70s kid’s comics even got in on the act. Von Hoffman’s Invasion by Tom Tully and Eric Bradbury appeared first in Jet and then continued in Buster. Von Hoffman is a mad Nazi scientist who, in the first story of the series, has been locked up for twenty-five years as a war criminal. On release he is determined to take revenge on the British for Hitler’s defeat. Armed with an umbrella which deploys a gas which can instantly turn creatures into giants he embarks on a one man invasion.
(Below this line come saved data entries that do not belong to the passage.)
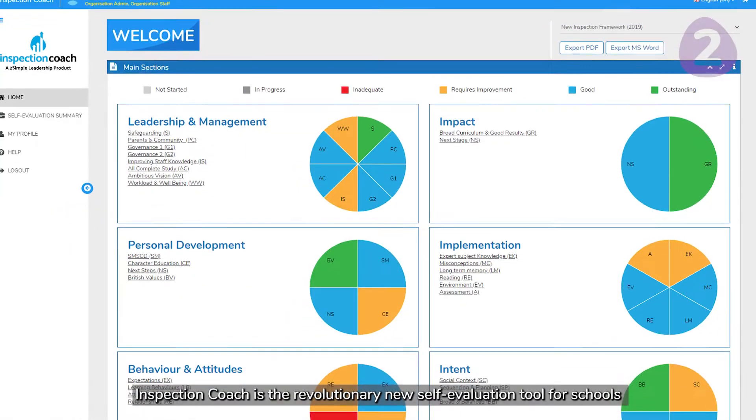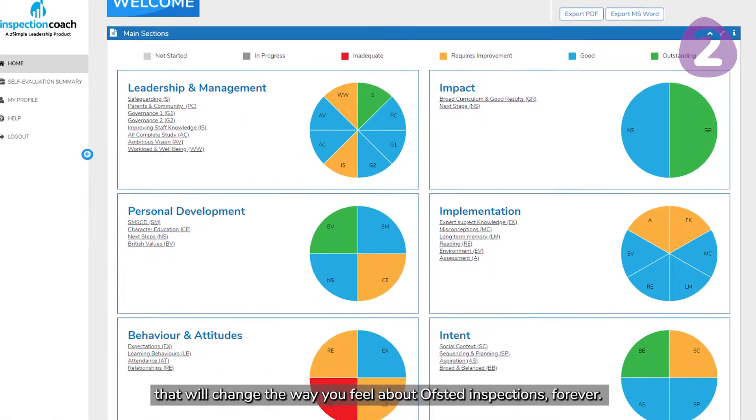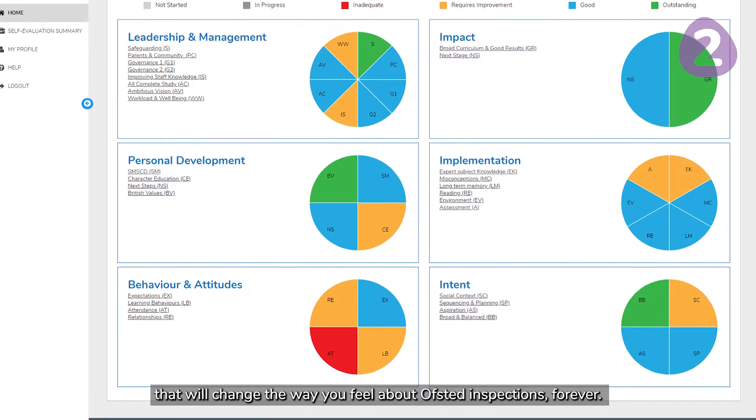Inspection Coach is a revolutionary new self-evaluation tool for schools that will change the way you feel about Ofsted inspections forever.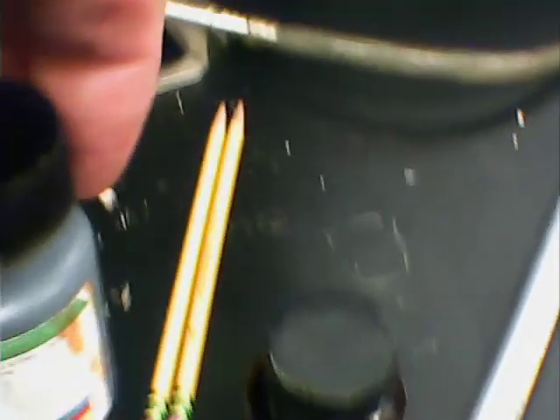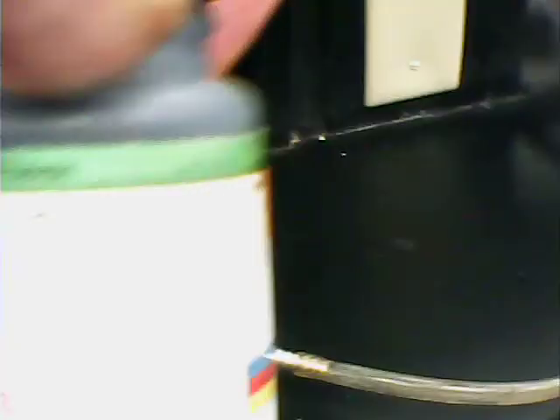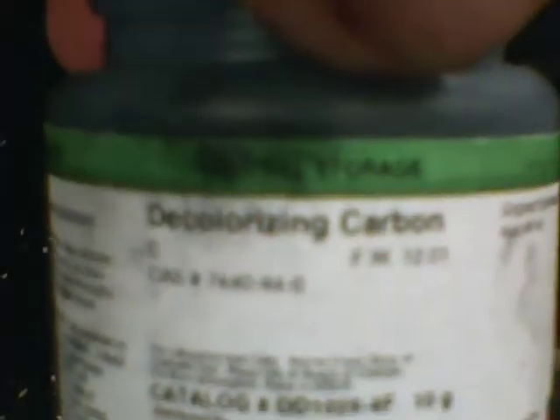I take a handful of that with gloves and I mix it up with manganese dioxide catalyst, which you could scrape out of the one-and-a-half volt or six volt zinc batteries. You could scrape it out of there along with decolorizing carbon or activated carbon.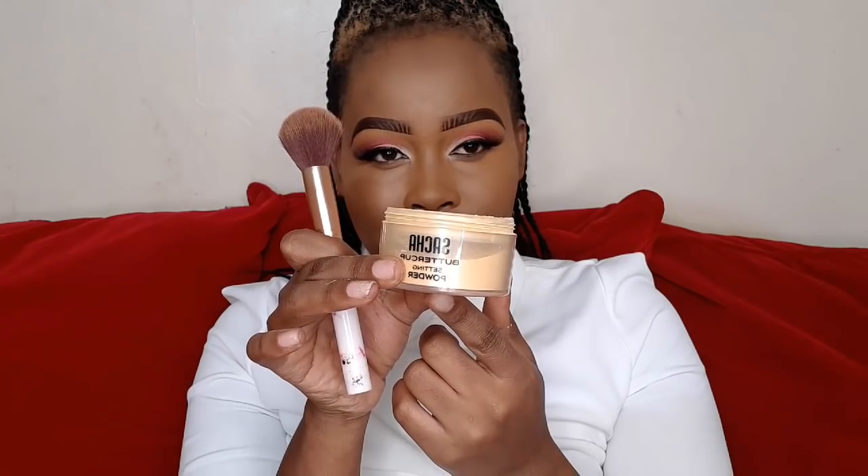Next I'm going to highlight using the same Illegal Pro concealer in the shade Fawn. Remember, the less product the better — don't put too much on, especially for your wedding, because you don't want to look too plasticky; you want to look as natural as possible. Then I'm going to use Sacha Buttercup Setting Powder — I'm not going to bake because I don't want to appear too powdery; I just want my skin to look mattified.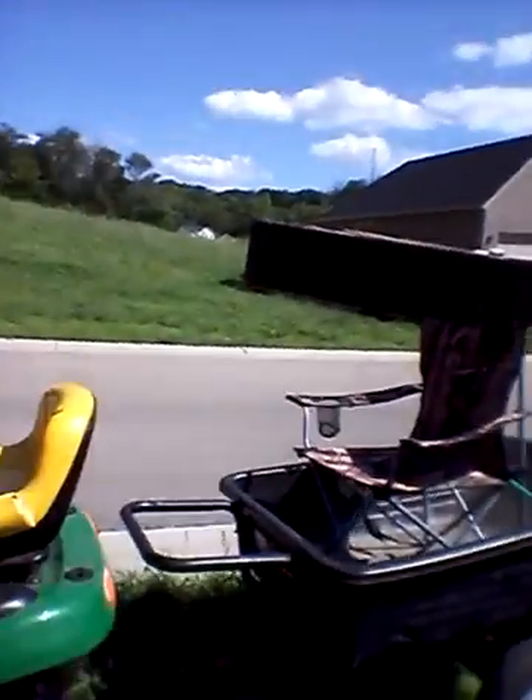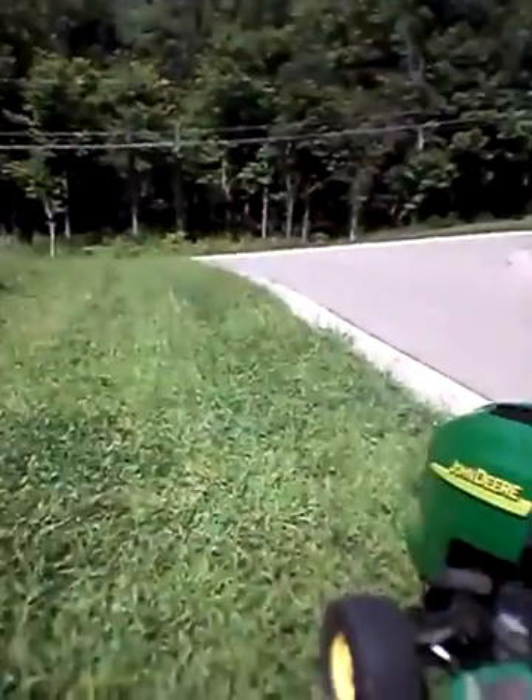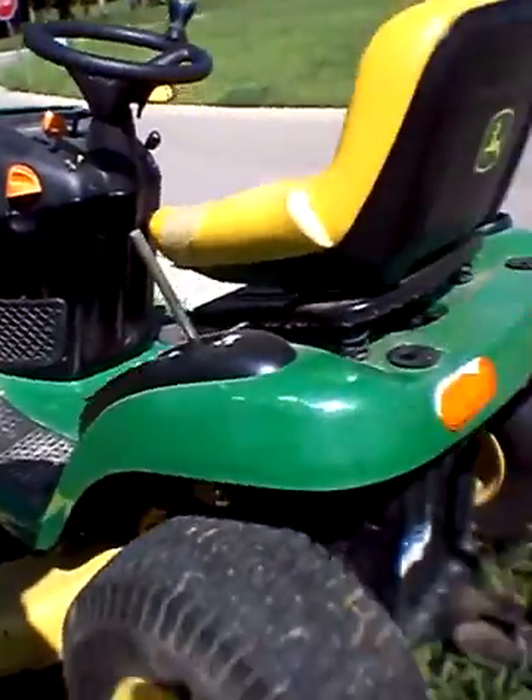Hello guys, this is Kyle Crothers back here again today, and I got something really cool for you guys — how to build a lawnmower trailer seat. It's actually quite simple. I'm going to show you guys how to build it. First thing you're gonna need to do is hook your trailer up to your lawnmower — doesn't matter what trailer, doesn't matter what lawnmower.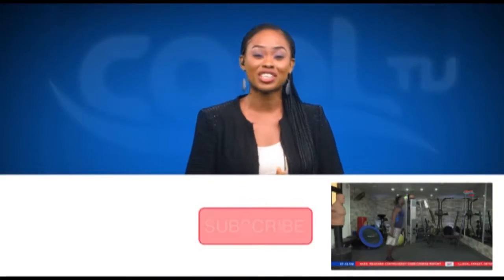Did you like what you just saw? I know you did. It's very simple. If you want to see more, just subscribe to our channel right now.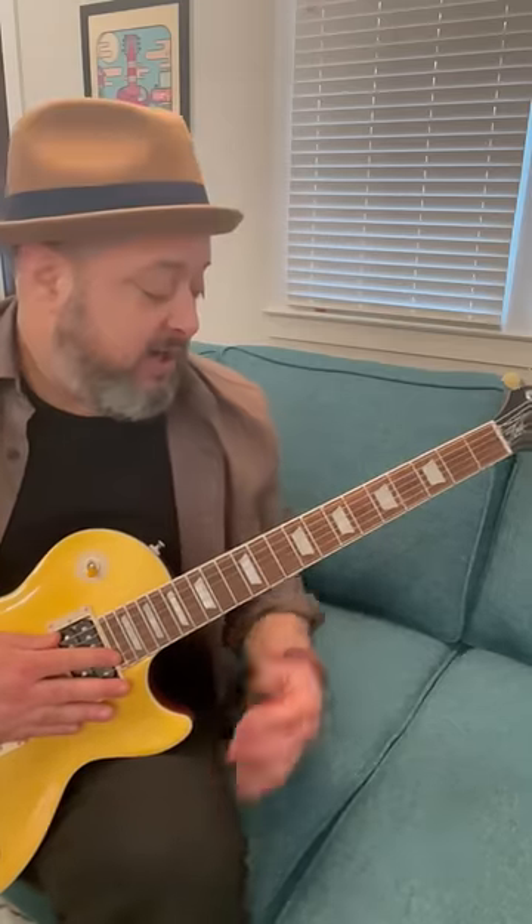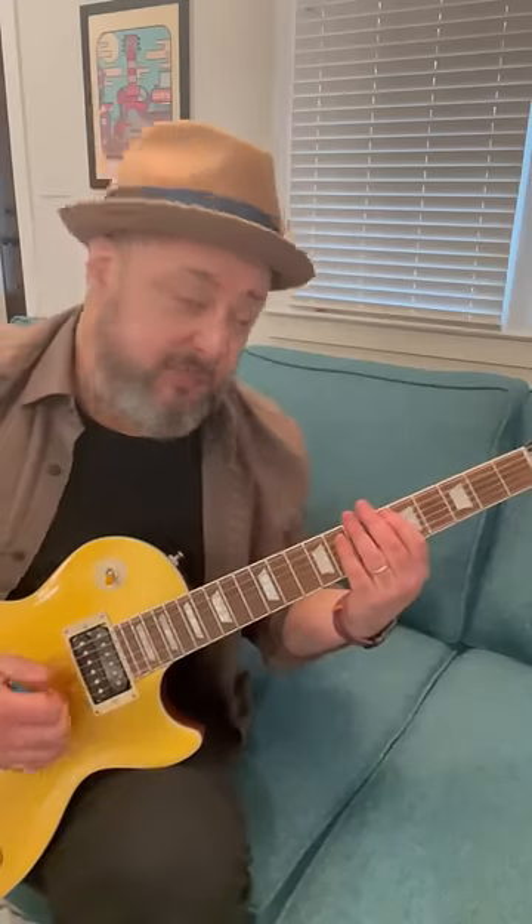A way to speed up your playing with your left hand is using hammer-ons and pull-offs. So if I took the A minor pentatonic scale — obviously it's great to practice picking every note with alternate picking.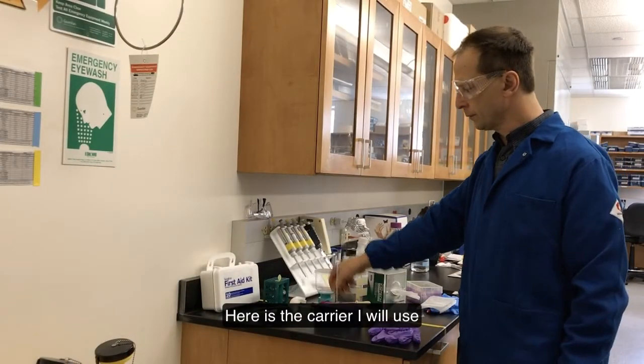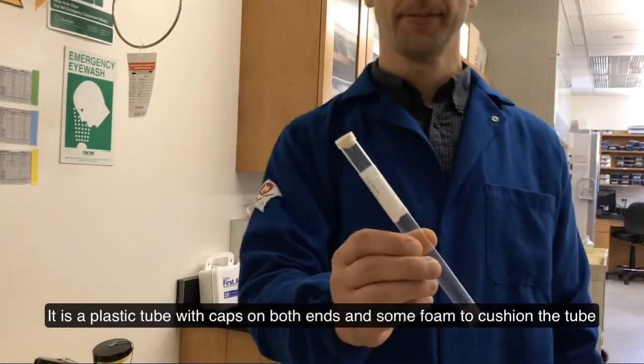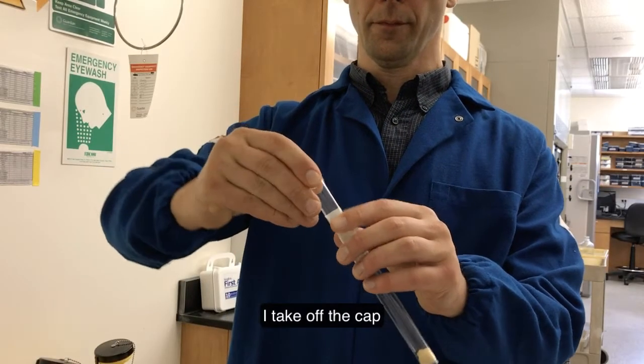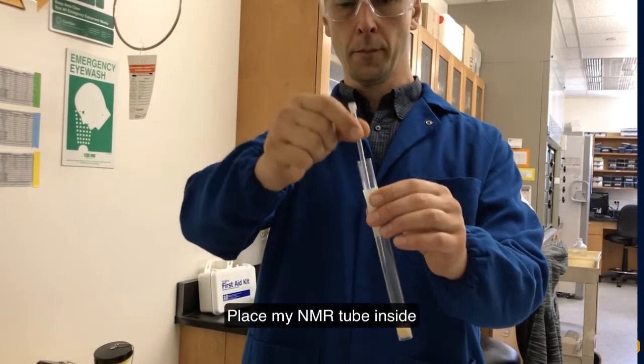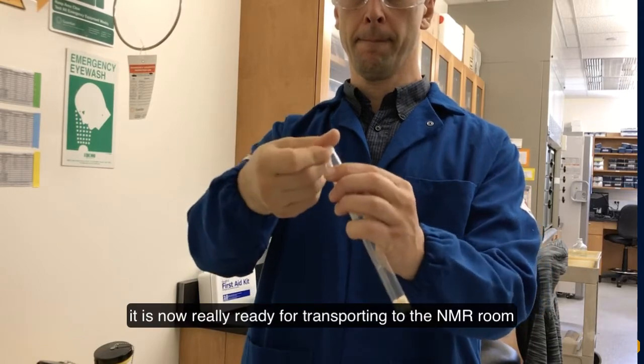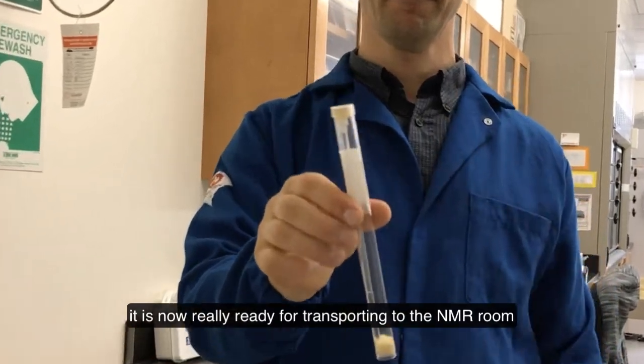You may purchase inexpensive NMR tube carriers like these, or use a homemade one, as long as it securely closes the tube during transport. Here is the carrier I will use — it is a plastic tube with a cap on both ends and some foam to cushion the tube. I take off the cap, place my NMR tube inside, close it, and it is now ready for transporting to the NMR room.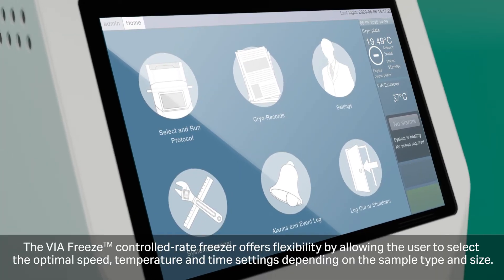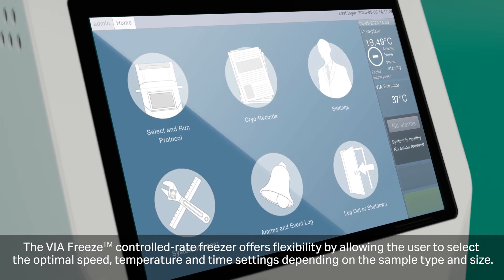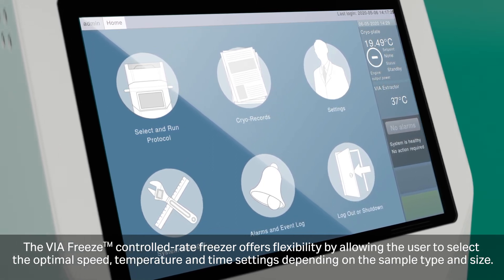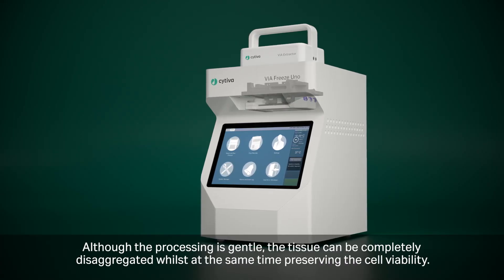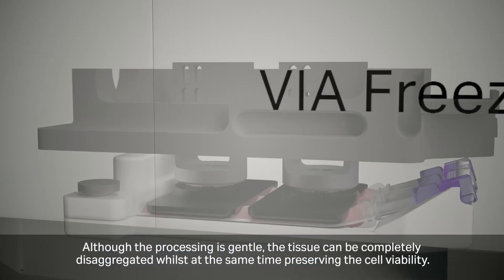The VIA Freeze offers flexibility by allowing the user to select the optimal speed, temperature, and time settings depending on the sample type and size. Although the processing is gentle, the tissue can be completely disaggregated whilst at the same time preserving cell viability.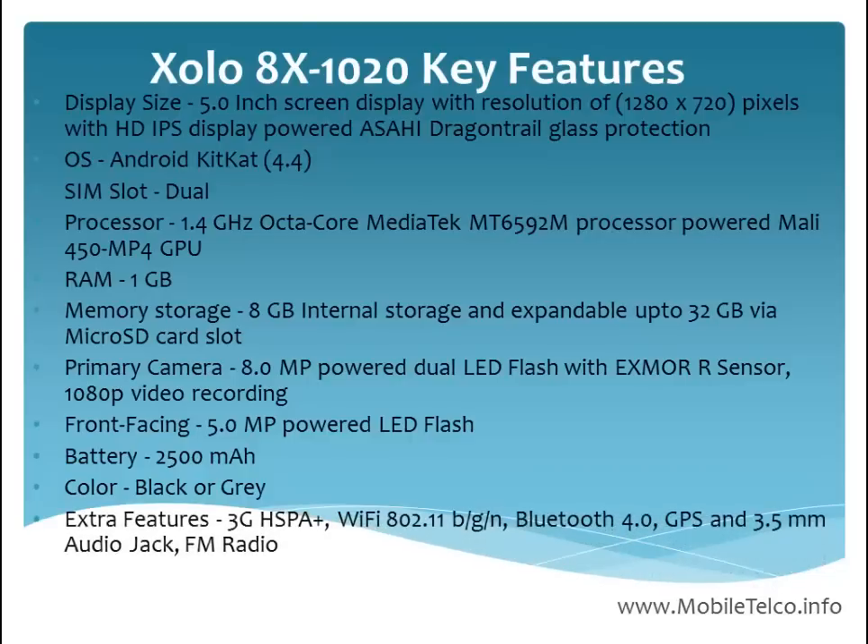For extra features, it is a 3G Wi-Fi enabled phone with Bluetooth 4.0 and GPS. It also has a 3.5mm audio jack and FM radio.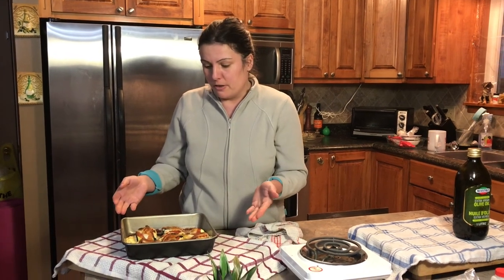You can serve it with some pasta, you can serve it alone with a salad — it's up to you. If you like this recipe and you want to see more like this, please subscribe to our channel, hit that share, like, and bell notification.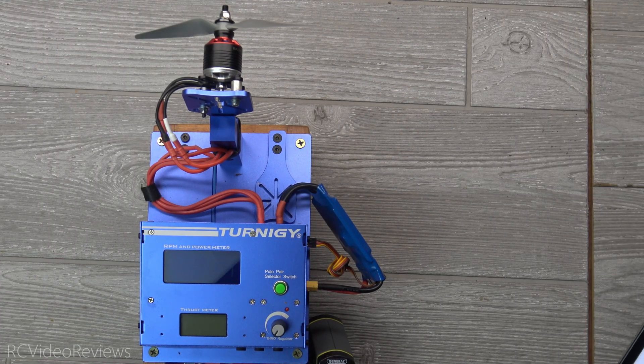Hey guys, welcome to RC Video Reviews. Today I'm taking a look at the Badass BA-2315 1480kV motor.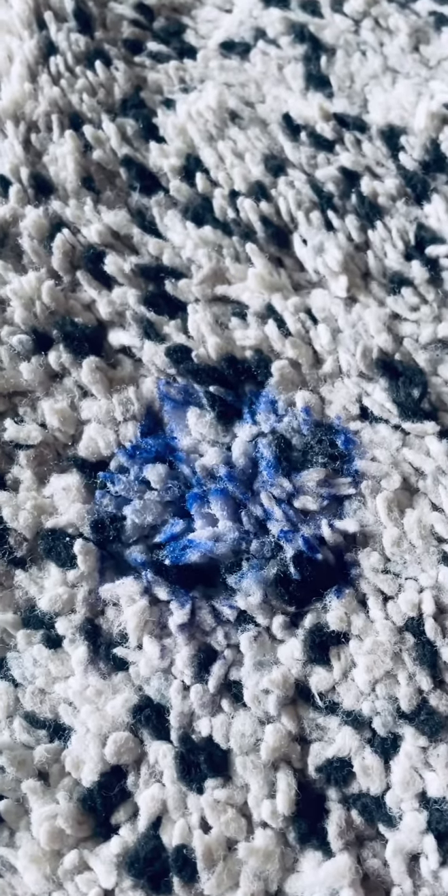We use it here when we do upholstery cleaning or carpet cleaning. Here you got the stain. Here is the product. I'm just going to spray a little bit on here. You can see how it almost brightens the color, makes it look worse at first. And that's just because it's fighting everything out of those carpet fibers.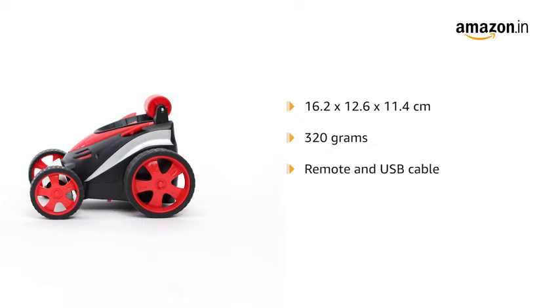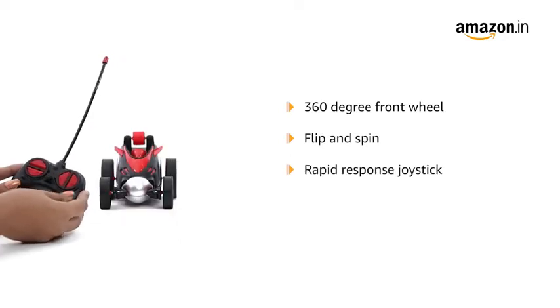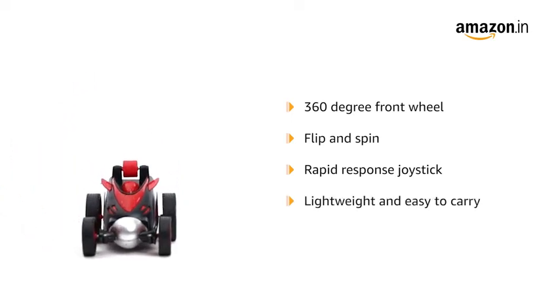Moreover, this RC vehicle is lightweight, meaning you can store it and carry it around everywhere. The car design includes a 360 degree front wheel that makes it easy to flip and spin. The radio remote control system gives rapid response by joystick. The car is small in size and lightweight, making it easy to carry.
As he progresses toward London the residents of southern England are subject to all sorts of attacks from his gas induced monstrosities – wasps, woodlice and woodworm to name but three.

Animal horror today

Today the notion of the animal world turning on humanity lives on, with the subject often being the central theme of short story horror anthologies released by UK independent small press publishers.

Shadow Publishing’s 2015 Creeping Crawlers, edited by Allen Ashley, ominously predicts that ‘the maggots, the worms, the flies, the aphids and the termites may destroy and consume all that we have and hold dear’. While Arachnofright (Gravestone Press) edited by Dorothy Davies brings our scuttling eight legged goes to the fore.

Recently Dublin based author, Rachel Handley, has announced the launch of a magazine called Crab Tales, which she promises will be dedicated to short horror and Sci-Fi fiction about creepy crustaceans.

Had he been alive today I feel sure Guy N. Smith would be over the moon to hear of this development.